613 provides, and carried to its logical limits, it can be rendered in another way, namely, that as acting managing director, Mr. Luguterah shall not act as a practising lawyer.
Mr. Luguterah has been appearing before me as a practising lawyer in a number of cases. He is also currently appearing before me in two other N.E.C. cases which were adjourned to await this ruling. I have read and studied the provisions of the Legal Profession Act, 1960 and L.I. 613. They contain a lot of prohibitory provisions but substantially they do not in terms impose sanctions for their breach apart from advocating a reference of disciplinary cases to the disciplinary committee of the General Legal Council.

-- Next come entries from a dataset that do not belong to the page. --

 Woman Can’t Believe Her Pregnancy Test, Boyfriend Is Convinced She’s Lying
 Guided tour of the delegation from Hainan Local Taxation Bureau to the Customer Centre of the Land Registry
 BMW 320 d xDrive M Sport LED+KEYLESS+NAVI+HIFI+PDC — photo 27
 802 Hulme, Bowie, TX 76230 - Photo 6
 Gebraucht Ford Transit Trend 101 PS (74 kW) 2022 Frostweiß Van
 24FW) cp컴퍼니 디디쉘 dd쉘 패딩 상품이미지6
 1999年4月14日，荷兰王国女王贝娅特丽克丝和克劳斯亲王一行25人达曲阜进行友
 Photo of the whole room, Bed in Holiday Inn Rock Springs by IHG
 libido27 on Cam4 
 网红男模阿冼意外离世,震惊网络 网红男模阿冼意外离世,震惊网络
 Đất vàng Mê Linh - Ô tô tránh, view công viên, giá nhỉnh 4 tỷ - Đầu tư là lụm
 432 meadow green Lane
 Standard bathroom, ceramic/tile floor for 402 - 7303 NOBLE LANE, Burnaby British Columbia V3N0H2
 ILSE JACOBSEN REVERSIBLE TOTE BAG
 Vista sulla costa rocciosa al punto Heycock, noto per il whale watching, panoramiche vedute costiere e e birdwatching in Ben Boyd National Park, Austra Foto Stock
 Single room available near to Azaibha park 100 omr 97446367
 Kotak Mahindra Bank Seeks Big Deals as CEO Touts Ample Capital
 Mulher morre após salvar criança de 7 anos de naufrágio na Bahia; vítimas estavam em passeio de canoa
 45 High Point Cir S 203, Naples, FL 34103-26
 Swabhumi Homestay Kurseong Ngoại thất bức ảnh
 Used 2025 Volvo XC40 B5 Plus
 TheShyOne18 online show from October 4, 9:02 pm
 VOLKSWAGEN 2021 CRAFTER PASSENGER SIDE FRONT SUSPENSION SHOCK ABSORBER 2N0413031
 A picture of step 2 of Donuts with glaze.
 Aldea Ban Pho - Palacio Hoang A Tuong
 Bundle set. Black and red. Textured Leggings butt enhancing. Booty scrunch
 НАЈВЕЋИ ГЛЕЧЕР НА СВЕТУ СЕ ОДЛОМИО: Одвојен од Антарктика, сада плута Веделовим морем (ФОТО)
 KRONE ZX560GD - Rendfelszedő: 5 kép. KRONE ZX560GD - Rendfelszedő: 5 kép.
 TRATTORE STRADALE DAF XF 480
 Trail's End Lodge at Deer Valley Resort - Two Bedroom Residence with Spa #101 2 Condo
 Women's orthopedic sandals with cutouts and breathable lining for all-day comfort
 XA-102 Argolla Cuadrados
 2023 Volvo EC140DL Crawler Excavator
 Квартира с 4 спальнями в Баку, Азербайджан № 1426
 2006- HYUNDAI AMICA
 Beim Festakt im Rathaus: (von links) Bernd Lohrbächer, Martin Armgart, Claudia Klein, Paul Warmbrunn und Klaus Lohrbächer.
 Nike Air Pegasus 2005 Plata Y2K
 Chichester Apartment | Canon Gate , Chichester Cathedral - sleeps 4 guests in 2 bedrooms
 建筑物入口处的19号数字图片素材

In this particular case I have no doubt that counsel did not set out deliberately to misconduct himself in his profession. I am quite sure counsel took on the job of acting managing director without adverting to the provisions of L.I. 613. In the circumstance I do not propose to refer the matter to the disciplinary committee of the General Legal Council pursuant to the provisions of section 18 of the Legal Profession Act, 1960; instead I will uphold the preliminary objection of counsel, holding as I have, that Mr. Luguterah while acting as managing director of N.E.C. is by law not permitted to be a practising lawyer. I hereby refuse to give him further audience in this case. I order therefore that until Mr. A. A. Luguterah files an affidavit in the registry of this court that he has ceased to act as managing director of N.E.C. he is hereby debarred from appearing before this court or any other court in Ghana.
The preliminary objection is upheld. The further hearing of the case will be adjourned to 14 June 1979 to enable the N.E.C. to advise itself. By agreement of parties there will be no order as to costs.